Sentiment Analysis with songs

Sentiment analysis is the interpretation and classification of emotions (positive, negative and neutral) within text data using natural language processing(NLP) techniques.
In this session, we are going to use songs from R package genius with bing lexicon. The bing lexicon categorizes words in a binary fashion into positive and negative categories with weighted sentiment scores.
First, load libraries
library(pacman)
p_load(tidyr,tidyverse,tidytext,forcats, genius)
then download songs using genius functions and perform sentiment analysis. Steps are described below.
- Aerosmith - I don’t want to miss a thing
#get song lyrics
aero_smith_i_don <- genius_lyrics(artist = "Aerosmith", song = " I don't want to miss a thing")
aero_smith_i_don
## # A tibble: 59 x 3
## track_title line lyric
## <chr> <int> <chr>
## 1 I Don’t Want to Miss a T… 1 I could stay awake just to hear you breathin'
## 2 I Don’t Want to Miss a T… 2 Watch you smile while you are sleeping
## 3 I Don’t Want to Miss a T… 3 While you're far away and dreaming
## 4 I Don’t Want to Miss a T… 4 I could spend my life in this sweet surrender
## 5 I Don’t Want to Miss a T… 5 I could stay lost in this moment forever
## 6 I Don’t Want to Miss a T… 6 Where every moment spent with you is a momen…

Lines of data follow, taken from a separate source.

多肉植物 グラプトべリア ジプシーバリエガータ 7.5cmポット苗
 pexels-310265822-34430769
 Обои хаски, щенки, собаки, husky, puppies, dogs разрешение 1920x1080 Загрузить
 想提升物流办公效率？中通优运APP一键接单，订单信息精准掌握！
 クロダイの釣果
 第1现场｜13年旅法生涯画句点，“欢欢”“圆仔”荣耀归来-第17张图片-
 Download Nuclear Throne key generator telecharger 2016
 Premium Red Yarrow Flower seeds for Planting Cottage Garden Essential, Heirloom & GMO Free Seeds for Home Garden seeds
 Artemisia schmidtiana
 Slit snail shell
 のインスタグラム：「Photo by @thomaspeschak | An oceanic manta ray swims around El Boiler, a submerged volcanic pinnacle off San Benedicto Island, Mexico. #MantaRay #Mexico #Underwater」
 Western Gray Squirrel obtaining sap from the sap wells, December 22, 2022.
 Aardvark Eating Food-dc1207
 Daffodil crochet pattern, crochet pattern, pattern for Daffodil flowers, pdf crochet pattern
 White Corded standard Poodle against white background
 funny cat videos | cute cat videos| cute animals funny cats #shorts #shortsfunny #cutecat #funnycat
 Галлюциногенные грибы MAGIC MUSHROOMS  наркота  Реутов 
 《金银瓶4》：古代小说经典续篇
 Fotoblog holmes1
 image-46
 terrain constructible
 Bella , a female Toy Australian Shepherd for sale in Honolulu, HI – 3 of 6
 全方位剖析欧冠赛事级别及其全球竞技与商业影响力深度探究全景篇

## 7 I Don’t Want to Miss a T… 7 Don't want to close my eyes
## 8 I Don’t Want to Miss a T… 8 I don't want to fall asleep
## 9 I Don’t Want to Miss a T… 9 'Cause I'd miss you, baby
## 10 I Don’t Want to Miss a T… 10 And I don't wanna miss a thing
## # … with 49 more rows
#tidy up lyrics
i_dont_tidy <- aero_smith_i_don %>% select(lyric, track_title) %>% unnest_tokens(word, lyric)
i_dont_tidy
## # A tibble: 390 x 2
## track_title word
## <chr> <chr>
## 1 I Don’t Want to Miss a Thing i
## 2 I Don’t Want to Miss a Thing could
## 3 I Don’t Want to Miss a Thing stay
## 4 I Don’t Want to Miss a Thing awake
## 5 I Don’t Want to Miss a Thing just
## 6 I Don’t Want to Miss a Thing to
## 7 I Don’t Want to Miss a Thing hear
## 8 I Don’t Want to Miss a Thing you
## 9 I Don’t Want to Miss a Thing breathin
## 10 I Don’t Want to Miss a Thing watch
## # … with 380 more rows
# join with sentiment lexicon
i_dont_sentiments<- i_dont_tidy%>%
inner_join(get_sentiments("bing"), by = c(word = "word"))
i_dont_sentiments
## # A tibble: 35 x 3
## track_title word sentiment
## <chr> <chr> <chr>
## 1 I Don’t Want to Miss a Thing smile positive
## 2 I Don’t Want to Miss a Thing sweet positive
## 3 I Don’t Want to Miss a Thing surrender negative
## 4 I Don’t Want to Miss a Thing lost negative
## 5 I Don’t Want to Miss a Thing treasure positive
## 6 I Don’t Want to Miss a Thing fall negative
## 7 I Don’t Want to Miss a Thing miss negative
## 8 I Don’t Want to Miss a Thing miss negative
## 9 I Don’t Want to Miss a Thing miss negative
## 10 I Don’t Want to Miss a Thing miss negative
## # … with 25 more rows
#bargraph word-sentiment
i_dont_sentiments %>%
count(sentiment, word) %>%
ungroup() %>%
mutate(n = ifelse(sentiment == "negative", -n, n)) %>%
mutate(word = reorder(word, n)) %>%
ggplot(aes(word, n, fill = sentiment)) +
geom_bar(stat = "identity") +
ylab("Contribution to sentiment") +
coord_flip()
- The Weeknd - Earned It
the_weeknd_earned_it <- genius_lyrics(artist = "The Weeknd", song = "Earned It")
the_weeknd_earned_it
## # A tibble: 51 x 3
## track_title line lyric
## <chr> <int> <chr>
## 1 Earned It 1 I'ma care for you
## 2 Earned It 2 I'ma care for you, you, you, you
## 3 Earned It 3 You make it look like it's magic (Oh yeah)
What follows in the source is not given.